Harvard University spinout GRO Biosciences has technology offering the potential for protein therapies that are safer and more effective than currently available biologic drugs. The startup’s research is now backed by $25 million, a Series A financing round whose investors include the venture arm of Bayer.
Many of the protein therapies available now, as well as many more still in development, got their start on computers. Software identifies the protein shapes best suited for therapeutic applications and those designs are tested in a lab. While computational techniques have advanced the design and development of new therapeutic proteins, even the most advanced of these are limited to 20 standard amino acids found in nature that are building blocks of all proteins. Harvard University spinout GRO Biosciences aims to improve protein therapies by expanding this amino acid alphabet.
GRObio has been quietly developing its technology for the past several years. The company has made progress in its preclinical research and it’s now positioning itself to advance its own therapies, and to strike up partnerships with pharmaceutical companies interested in working with the startup’s technology. To support those efforts, GRObio announced on Wednesday a $25 million Series A round of funding co-led by Leaps by Bayer and Redmile Group.
The science behind GRObio comes from the lab of George Church, a Harvard scientist whose discoveries have led to the founding of many life sciences startups. Dan Mandell, GRObio’s co-founder and CEO, was a research fellow in genetics at Harvard, where he worked with Church on computational design of new proteins whose folding and function depends on this new amino acids alphabet, comprised of non-standard amino acids (NSAAs).
Therapeutic proteins are produced by harnessing the protein-translation machinery of bacteria. Companies such as Ginkgo Biosciences, Synlogic, and Absci work with E. coli to produce their commodity chemicals and proteins. For many synthetic biology companies, E. coli are the bacteria of choice because they are inexpensive and easy to use, Mandell said. GRObio also works with an E. coli-based organism. But the company has gone further than what nature provides by recoding the E. coli genome so that these bacteria are able to produce proteins by using NSAAs. GRObio calls these bacteria “genetically recoded organisms,” or GROs.
“What’s special about these organisms is they can make proteins comprised of amino acids beyond the 20 standard amino acids,” Mandell said. “These organisms are the only organisms that can produce these NSAA proteins at high efficiency, and at scale.”
So why would anyone want a GRO-produced protein made from NSAAs? Mandell said that therapeutic proteins made with standard amino acids still have limitations ranging from safety issues to the durability of the treatment. Working with NSAAs enables the production of customized proteins whose shape and chemical properties offer advantages for a biologic drug.
GRObio is working with two families of NSAA chemistries so far. The first, which the company calls DuraLogic, makes a protein that is more stable and improves its half-life. Currently available biologic drugs dosed as frequent injections are inconvenient or undesirable (or both), which leads many patients to miss doses, Mandell said. By making a more stable protein, GRObio could produce a drug whose therapeutic effect lasts for a longer period of time, which means a protein therapy that requires less frequent injections.
The second NSAA family, which GRObio has dubbed ProGly, enables the biotech to directly modulate the immune system, offering a new way to address autoimmune diseases. The way the immune system distinguishes a foreign protein from one that is part of the body is by detecting sugar molecules called glycans on the protein’s surface, Mandell said. GRObio aims to express proteins decorated with human glycans, which would reeducate the immune system to recognize them as belonging to the body.
GRObio hasn’t disclosed what diseases it aims to address, other than to say the technology has applications in autoimmune and metabolic disorders. One of the company’s early projects was a form of insulin modified in a way to enable weekly dosing. The company was awarded a Phase I Small Business Innovation Research grant in 2019 for that research, followed by a Phase II grant in 2020. Mandell acknowledged that GRObio has worked on insulin, and said the company has received about $1.5 million in non-dilutive capital to support that work.

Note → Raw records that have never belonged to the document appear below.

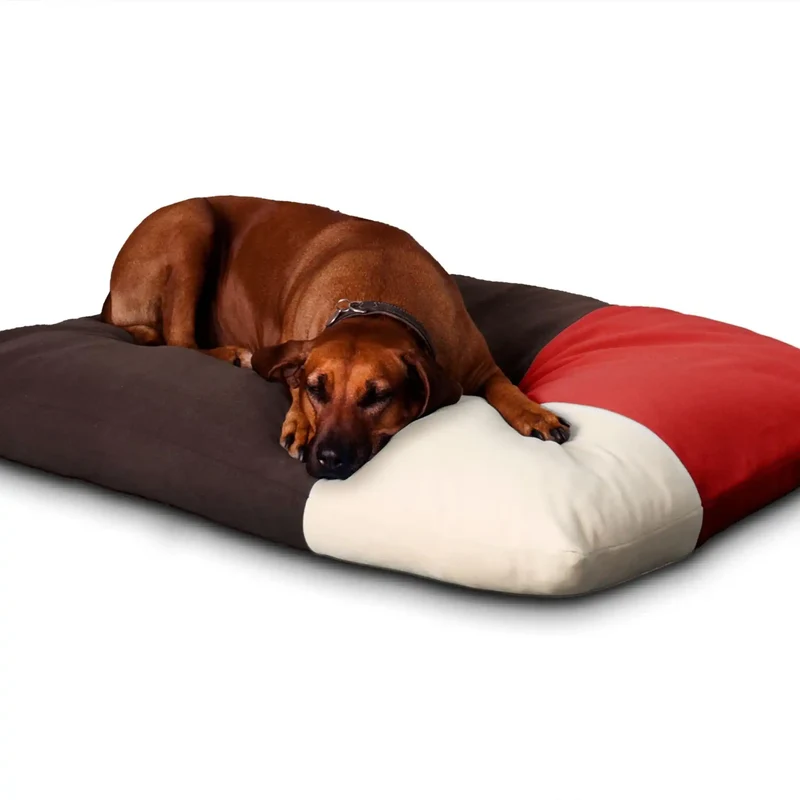 Divan Quattro Design Hundekissen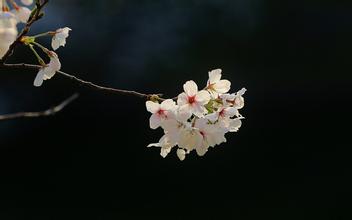 “适逢三月.满眼芳菲”——安源三月之约
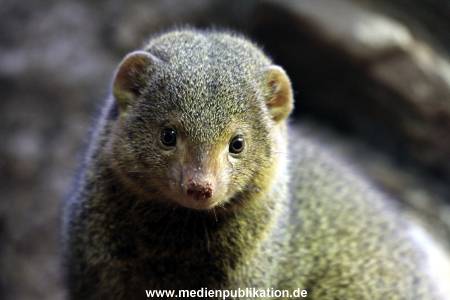 Hagenbeck Fruehling 12042012 012
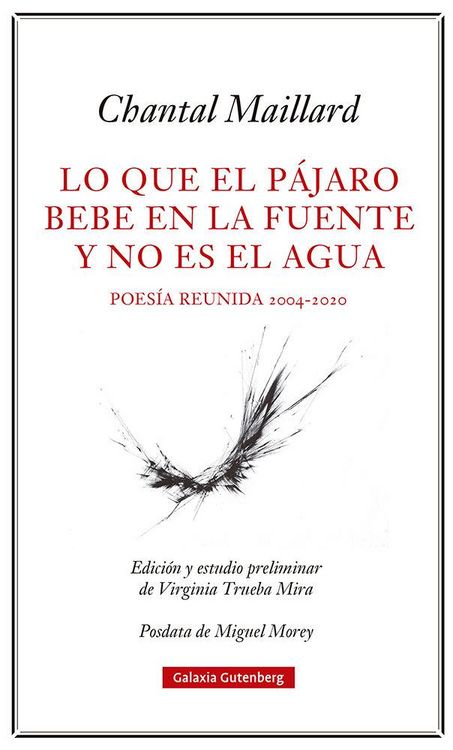 Produktbild: Lo que el p&aacute;jaro bebe en la fuente y no es el agua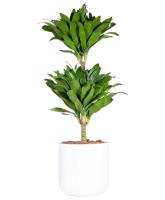 dracaena-plant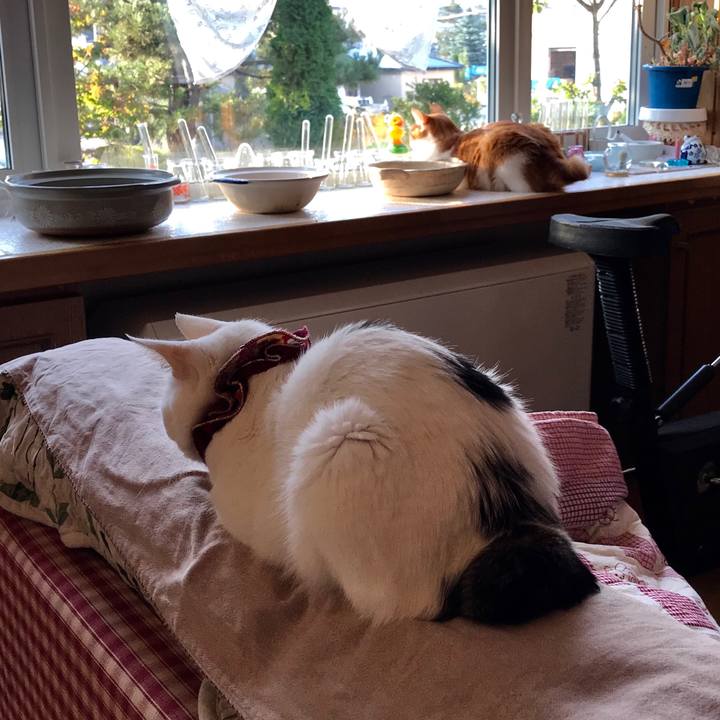 2e42069e d21f 48bc b7c9 717b6618d271 1569879705094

Without specifying a disease target, Mandell said he expects GRObio could begin its first human tests of a GRO-grown therapeutic protein in 2024. The new financing will support the preclinical research leading up to those tests. GRObio is also looking for pharmaceutical industry partners. Those partners could license GRObio therapeutic candidates, taking on the responsibility of clinical development and potential commercialization of new protein therapies.
Mandell said GRObio is also considering alliances with companies that want to work with NSAAs but can’t because they don’t have access to a production platform that can produce NSAA-based proteins at scale. Mandell said GRObio has been approached by companies that have already designed their own new molecules and are looking at GROs as a way to produce them.
Prior to Wednesday’s funding announcement, GRObio had raised $2.1 million in a 2017 seed financing led by Digitalis Ventures and Innovation Endeavors. Those firms also joined the Series A round, bringing the startup’s total investment to $31.2 million to date.